## [Information supplied]
*** Begin section ***

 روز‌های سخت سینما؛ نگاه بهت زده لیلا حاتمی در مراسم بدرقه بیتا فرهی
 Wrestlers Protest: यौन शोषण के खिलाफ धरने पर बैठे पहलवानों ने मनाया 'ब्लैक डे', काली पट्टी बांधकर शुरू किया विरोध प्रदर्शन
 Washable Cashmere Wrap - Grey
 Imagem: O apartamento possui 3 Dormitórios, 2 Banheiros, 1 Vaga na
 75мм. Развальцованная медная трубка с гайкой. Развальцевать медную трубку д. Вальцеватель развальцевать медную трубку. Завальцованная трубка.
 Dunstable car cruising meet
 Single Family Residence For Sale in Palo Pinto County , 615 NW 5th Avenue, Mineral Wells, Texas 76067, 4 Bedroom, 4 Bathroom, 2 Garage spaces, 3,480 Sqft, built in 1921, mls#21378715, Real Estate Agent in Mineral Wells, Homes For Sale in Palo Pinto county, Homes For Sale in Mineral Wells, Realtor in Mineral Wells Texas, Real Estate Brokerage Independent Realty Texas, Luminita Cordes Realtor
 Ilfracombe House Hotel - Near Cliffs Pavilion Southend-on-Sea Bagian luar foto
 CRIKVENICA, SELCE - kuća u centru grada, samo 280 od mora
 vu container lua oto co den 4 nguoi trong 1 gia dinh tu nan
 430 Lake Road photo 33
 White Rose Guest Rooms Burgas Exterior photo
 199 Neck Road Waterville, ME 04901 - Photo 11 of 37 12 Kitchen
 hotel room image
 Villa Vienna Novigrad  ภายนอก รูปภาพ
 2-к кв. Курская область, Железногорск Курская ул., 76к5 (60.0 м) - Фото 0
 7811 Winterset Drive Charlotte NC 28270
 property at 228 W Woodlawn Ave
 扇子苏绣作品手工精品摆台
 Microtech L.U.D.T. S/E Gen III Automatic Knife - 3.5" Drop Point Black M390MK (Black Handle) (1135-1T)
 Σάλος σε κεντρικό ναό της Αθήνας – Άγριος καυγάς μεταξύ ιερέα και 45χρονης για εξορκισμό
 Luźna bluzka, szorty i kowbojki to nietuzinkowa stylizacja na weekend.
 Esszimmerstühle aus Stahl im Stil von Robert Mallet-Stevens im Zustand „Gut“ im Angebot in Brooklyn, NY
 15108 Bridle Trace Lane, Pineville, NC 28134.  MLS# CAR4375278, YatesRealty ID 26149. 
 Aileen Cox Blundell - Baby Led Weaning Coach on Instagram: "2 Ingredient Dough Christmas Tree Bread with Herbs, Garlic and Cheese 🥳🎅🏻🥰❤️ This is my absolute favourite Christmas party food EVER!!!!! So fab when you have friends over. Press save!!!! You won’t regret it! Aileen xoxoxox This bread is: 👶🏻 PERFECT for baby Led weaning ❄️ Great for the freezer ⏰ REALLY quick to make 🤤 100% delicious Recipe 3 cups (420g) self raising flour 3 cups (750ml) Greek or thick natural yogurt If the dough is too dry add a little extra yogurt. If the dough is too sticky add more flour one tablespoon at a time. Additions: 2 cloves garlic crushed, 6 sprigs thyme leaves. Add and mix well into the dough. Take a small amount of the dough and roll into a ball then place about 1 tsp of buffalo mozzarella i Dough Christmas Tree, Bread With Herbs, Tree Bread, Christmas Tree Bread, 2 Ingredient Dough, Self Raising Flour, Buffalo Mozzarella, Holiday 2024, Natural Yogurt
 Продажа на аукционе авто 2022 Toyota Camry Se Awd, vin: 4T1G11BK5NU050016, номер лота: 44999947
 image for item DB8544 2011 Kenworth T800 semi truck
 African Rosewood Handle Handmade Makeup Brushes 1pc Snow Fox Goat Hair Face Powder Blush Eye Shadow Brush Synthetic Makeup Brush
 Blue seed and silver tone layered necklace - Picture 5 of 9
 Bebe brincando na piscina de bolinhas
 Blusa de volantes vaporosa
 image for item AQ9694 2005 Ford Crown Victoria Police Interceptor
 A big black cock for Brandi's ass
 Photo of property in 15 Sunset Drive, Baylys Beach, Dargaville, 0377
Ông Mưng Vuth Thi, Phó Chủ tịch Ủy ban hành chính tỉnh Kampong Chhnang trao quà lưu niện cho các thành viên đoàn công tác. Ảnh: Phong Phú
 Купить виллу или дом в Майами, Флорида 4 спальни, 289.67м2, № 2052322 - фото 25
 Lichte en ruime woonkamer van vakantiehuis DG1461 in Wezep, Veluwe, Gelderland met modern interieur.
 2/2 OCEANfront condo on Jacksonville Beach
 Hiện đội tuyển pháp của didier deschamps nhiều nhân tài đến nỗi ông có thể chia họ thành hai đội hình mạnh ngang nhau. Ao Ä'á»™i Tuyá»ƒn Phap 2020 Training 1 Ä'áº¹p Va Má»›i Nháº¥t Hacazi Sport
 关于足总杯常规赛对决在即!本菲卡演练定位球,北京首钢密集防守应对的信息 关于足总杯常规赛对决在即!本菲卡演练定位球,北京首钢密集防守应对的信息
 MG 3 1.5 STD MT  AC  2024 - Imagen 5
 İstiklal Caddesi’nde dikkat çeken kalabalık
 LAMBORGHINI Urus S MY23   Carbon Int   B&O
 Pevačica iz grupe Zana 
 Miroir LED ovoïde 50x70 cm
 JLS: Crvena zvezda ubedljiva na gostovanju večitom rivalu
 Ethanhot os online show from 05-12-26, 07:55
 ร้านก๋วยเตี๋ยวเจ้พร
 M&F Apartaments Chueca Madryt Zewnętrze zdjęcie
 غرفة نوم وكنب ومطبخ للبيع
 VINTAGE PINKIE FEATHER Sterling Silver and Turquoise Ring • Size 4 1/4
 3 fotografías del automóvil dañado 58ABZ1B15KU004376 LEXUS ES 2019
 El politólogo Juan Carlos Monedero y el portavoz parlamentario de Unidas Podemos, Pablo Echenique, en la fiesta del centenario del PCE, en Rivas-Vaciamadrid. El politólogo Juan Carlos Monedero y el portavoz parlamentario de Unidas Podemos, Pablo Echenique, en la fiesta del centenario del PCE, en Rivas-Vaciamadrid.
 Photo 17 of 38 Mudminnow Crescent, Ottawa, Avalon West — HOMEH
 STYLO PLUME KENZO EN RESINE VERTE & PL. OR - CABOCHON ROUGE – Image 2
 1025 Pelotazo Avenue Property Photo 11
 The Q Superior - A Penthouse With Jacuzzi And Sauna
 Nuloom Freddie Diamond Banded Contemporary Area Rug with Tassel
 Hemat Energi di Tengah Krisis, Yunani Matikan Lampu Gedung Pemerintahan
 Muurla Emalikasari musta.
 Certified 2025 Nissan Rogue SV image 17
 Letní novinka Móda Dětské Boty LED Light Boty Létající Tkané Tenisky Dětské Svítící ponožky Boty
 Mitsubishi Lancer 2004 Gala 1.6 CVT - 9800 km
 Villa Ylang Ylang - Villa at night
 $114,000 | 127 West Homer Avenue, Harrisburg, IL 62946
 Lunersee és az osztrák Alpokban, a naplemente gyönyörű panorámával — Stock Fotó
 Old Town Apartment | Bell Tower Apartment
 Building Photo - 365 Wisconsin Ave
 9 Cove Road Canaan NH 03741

*** End section ***

## [Problem to work on]
Output the lines above between the one holding "M&F Apartaments Chueca" and the one holding "3 fotografías del", inclusive, with nothing before or after them.

## [Reply]
 M&F Apartaments Chueca Madryt Zewnętrze zdjęcie
 غرفة نوم وكنب ومطبخ للبيع
 VINTAGE PINKIE FEATHER Sterling Silver and Turquoise Ring • Size 4 1/4
 3 fotografías del automóvil dañado 58ABZ1B15KU004376 LEXUS ES 2019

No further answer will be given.